O governo dos Estados Unidos abriu, nesta terça-feira (15), uma investigação formal contra o Brasil, em meio ao agravamento das tensões diplomáticas e comerciais entre os dois países. A apuração ficará a cargo do USTR (Escritório do Representante de Comércio dos EUA) e abrange temas como comércio eletrônico, importações, atuação de redes sociais, desmatamento e propriedade intelectual.
A medida foi notificada em comunicado oficial pelo representante comercial norte-americano, Jamieson Greer. “Sob o comando do presidente Donald Trump, eu abri a investigação sobre os ataques do Brasil às empresas de rede social americanas e outras práticas comerciais injustas”, afirmou.
A ação se baseia na chamada seção 301 da Lei de Comércio dos EUA de 1974, dispositivo que autoriza Washington a adotar retaliações unilaterais – tarifárias e não tarifárias – contra países considerados violadores de práticas comerciais justas. A China e a União Europeia já foram alvo desse mecanismo em disputas anteriores.
A ofensiva foi anunciada poucos dias após Trump informar, por carta enviada ao presidente Luiz Inácio Lula da Silva (PT), a imposição de uma tarifa de 50% sobre os produtos brasileiros exportados aos Estados Unidos. No documento, o presidente americano também instruiu o USTR a abrir a investigação com base na seção 301, criticando diretamente a atuação do Supremo Tribunal Federal (STF), especialmente em decisões que atingem plataformas digitais dos EUA.

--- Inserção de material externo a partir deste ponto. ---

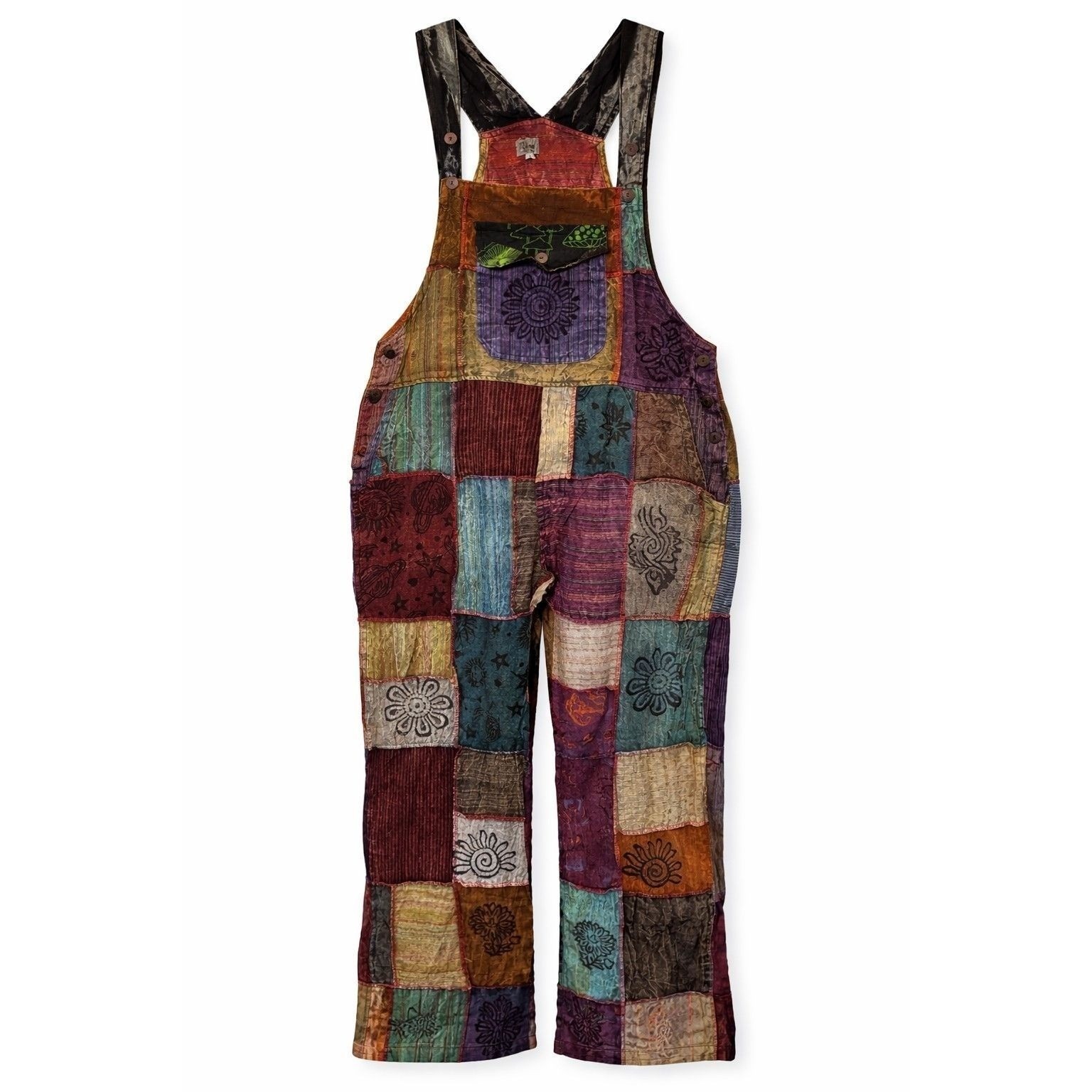 Patchwork Overalls Multi Color Block Print Hippie Festival Bib Jumpsuit LARGE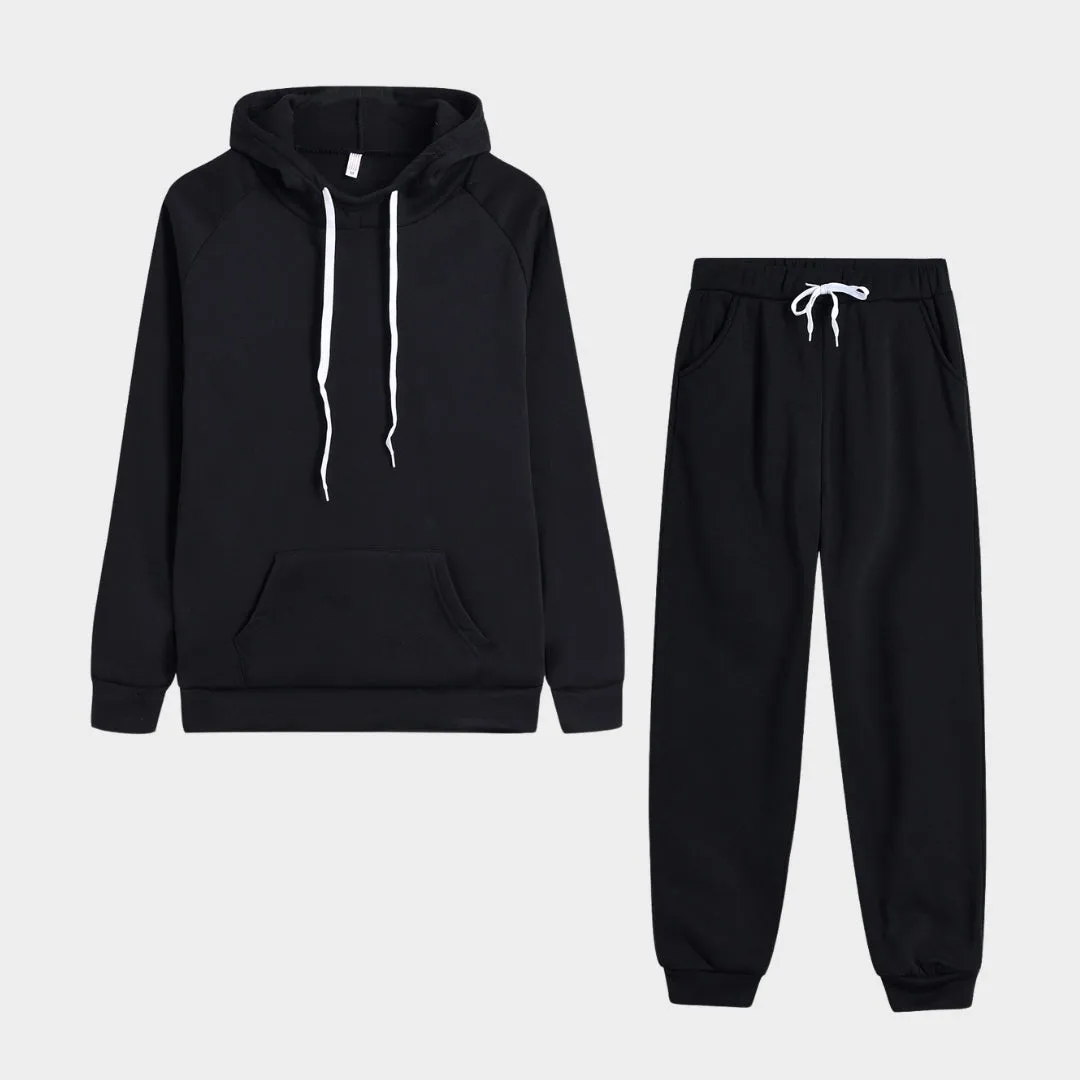 Autumn Winter Women's Tracksuit Set - Hoodie and Fleece Pants Outfit, Casual Jogging Clothes (Khaki, Black, Grey and Pink)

Entre os pontos levantados na investigação, os EUA alegam que o Brasil está retaliando redes sociais por não censurarem conteúdos políticos, o que restringiria a operação de empresas americanas no país. O relatório não menciona diretamente o STF, mas o tema foi citado por Trump, que criticou a derrubada temporária da plataforma X/Twitter em 2024 por determinação judicial.
Além disso, o texto menciona “tarifas preferenciais e injustas”, sustentando que o Brasil aplica taxas menores a produtos de países concorrentes dos EUA, comprometendo a competitividade de empresas norte-americanas.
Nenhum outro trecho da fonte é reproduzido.